The Wet T-Shirt Story
Okay, here’s a good one to make you laugh. Let me set up the scene for you: I went to the same college that my dad teaches at. While I was there my friend Heather (H.Bo) and I were co-chairs of pretty much every committee, including the social committe – which means we put together all the parties, beer bashes, winter carnival, awards & grad ceremonies (we were the student reps for the last two), etc. So, fairly close to the start of the year (probably late September/early October) we were planning the first beer bash and decided, hey, we have all this money that came from the students, let’s get some insight from them to see what they want us to blow the dough on.

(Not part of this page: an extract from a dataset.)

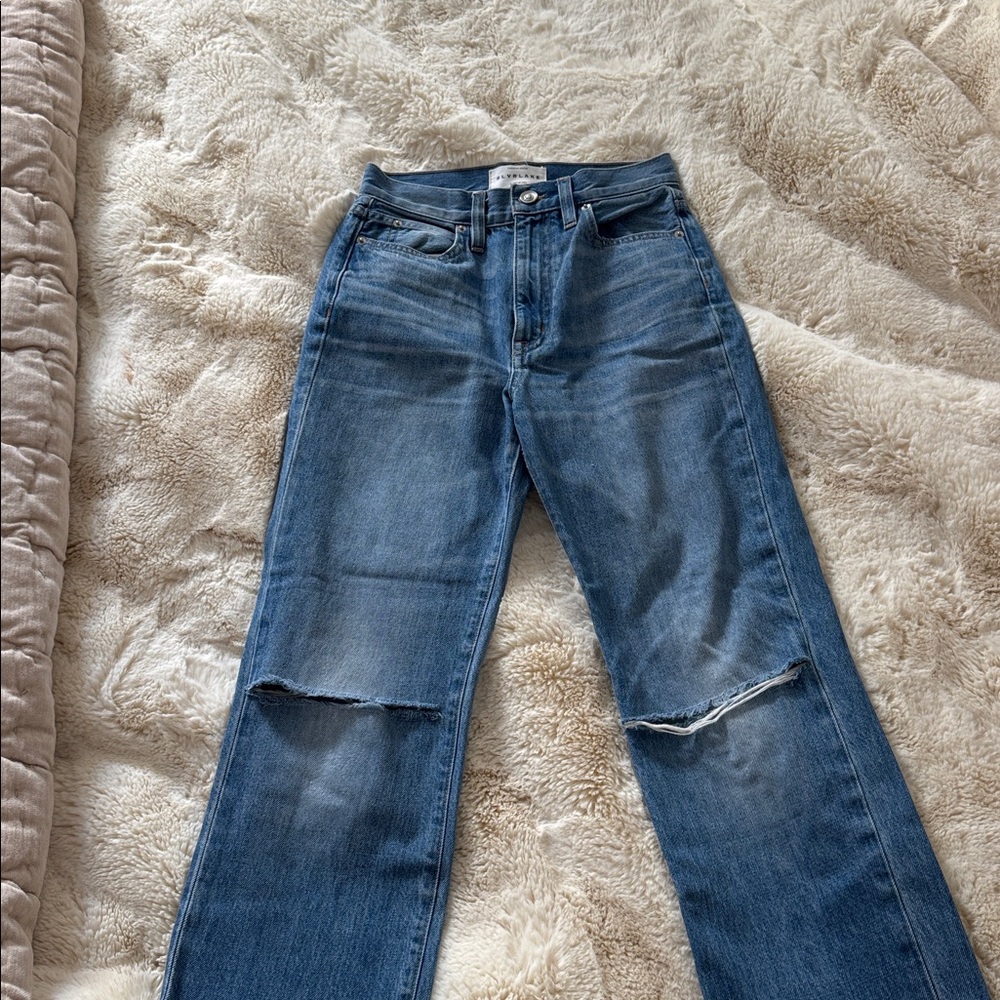 Slvrlake Womens High Rise London Crop Straight Leg Distressed Denim Jeans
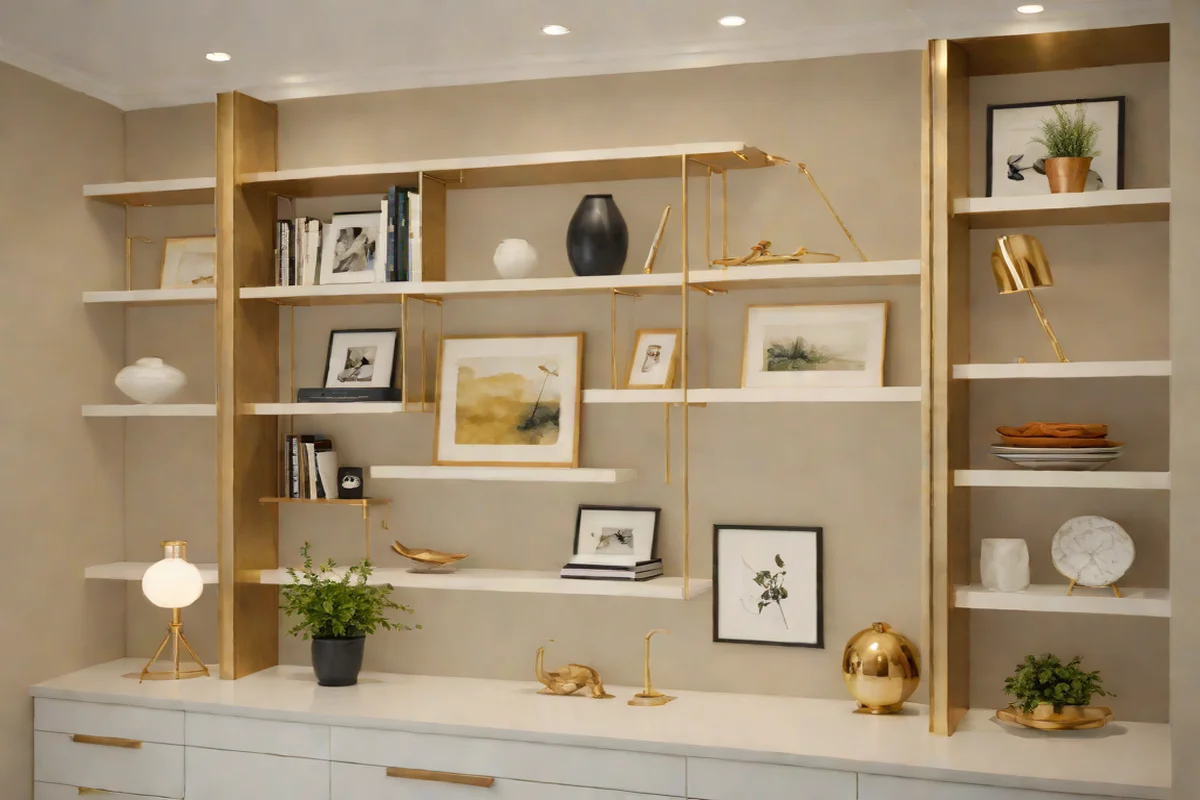 Brass Picture Lights for Open Shelves - White Kitchen Design Ideas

So we split up and went to a few different classes to chat w/the students and, of course, I headed down to my dad’s class.
Now, for those of you who aren’t familiar with my dad, he’s not Bill Cosby and we did not have a relationship like Tony & Sam from Who’s the Boss? He’s more like Red Foreman from That 70’s Show only a hundred times scarier when pissed off…and I’m Fez!
So, I mosey into the class and I’m explaining to these guys (yes, all his students were male – and creepy) what I’m doing there and ask for their feedback – no answer, just blank stares. After a few minutes of trying to get some info (I want to scream out "use your words!") I finally just say "c’mon guys, this is your money we’re spending, whaddya want us to do with it?" FINALLY one lone voice in the back of the room yells out "I want to see a wet t-shirt contest!" I replied "Oh ya do, do ya?" (Hick, I know). He says "I want to see you enter and win a wet t-shirt contest!" – LOTS of laughs from the rest of the guys. Now, as far as my dad is concerned I’m still 8 and I don’t have boobs. It’s never been discussed. So I look at the guy, then look at my dad who’s half grinning but staring this guy down (you can tell that he just wants to rip him apart) and then back at the guy and I say "You realize your teacher is my father…" and the smirk instantly disappears from fuck-nut’s face and is now showing signs of sheer terror, and I point to him and finish "…and you just failed your class!"